A Grã-Bretanha decidiu que a responsabilidade pelos ataques seria colocada sobre os palestinos, e criaram um grupo falso para reivindicar a autoria do crime: Defensores da Palestina Árabe. Cartas falsas supostamente enviadas pelo inexistente grupo palestino foram endereçadas a altos funcionários do governo e editores de jornais, datilografadas “em máquinas de escrever de nacionalidade apropriada” e com selo de postagem de Paris. A Grã-Bretanha também aproveitou o plano para incriminar os soviéticos, afirmando nas cartas que os russos estavam tentando forçar o estabelecimento de um estado judeu comunista. Para impulsionar ainda mais os soviéticos a desconfiar dos judeus e agir contra a imigração judaica, o governo britânico chegou a deixar documentos forjados em uma boate de Viena frequentada por agentes russos, dizendo que “os imigrantes judeus que ficavam atrás da cortina de ferro eram uma valiosa fonte de informações sobre as atividades russas nessa área.” Os barcos a serem sabotados deveriam partir da França e da Itália, incriminando esses dois países (ao final, apenas barcos que navegavam dos portos italianos acabaram sendo usados).

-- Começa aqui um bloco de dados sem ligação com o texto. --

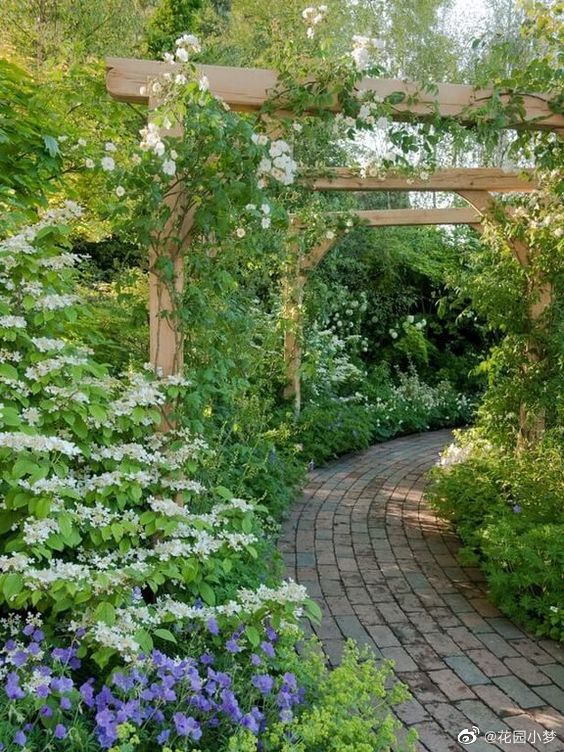 花园小径设计法则:通往花境的小径可以曲折蜿蜒,但功能性的路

Quando o navio conhecido como Exodus 1947 foi apreendido pela Grã-Bretanha na Palestina e seus 4.500 refugiados foram enviados de volta, um oficial do MI6 lamentou o quanto isso resultou em propaganda negativa para a Grã-Bretanha e em ótima publicidade para os sionistas: “[Isso] poderia ter sido evitado se o Ministério das Relações Exteriores tivesse permitido que o SIS [MI6] tomasse a ação apropriada contra o [navio] quando sugeriram fazê-lo.”
A invasão da Finlândia pelos soviéticos também se baseou em um evento de falsa bandeira. Em 26 de novembro de 1939, um posto de guarda soviético na fronteira com a Finlândia, perto da cidade de Mainila, foi bombardeado e quatro soldados russos foram mortos. Mais tarde descobriu-se que foi a própria União Soviética que matou seus homens para receber apoio popular e justificar uma invasão da Finlândia.
Uma missão perfeita de falsa bandeira cumpre vários objetivos ao mesmo tempo, e consegue se livrar do Inimigo A e ainda culpar o inimigo B pelo crime. Mas ataques de falsa bandeira têm outro efeito pernicioso e de amplo alcance que vem sendo ignorado por analistas: eles ajudam a confundir análises políticas confiáveis ao designar os culpados como vítimas, e vice-versa, embaralhando cenários, distorcendo a realidade e criando o sentimento insidioso e persistente de que a verdade é inalcançável.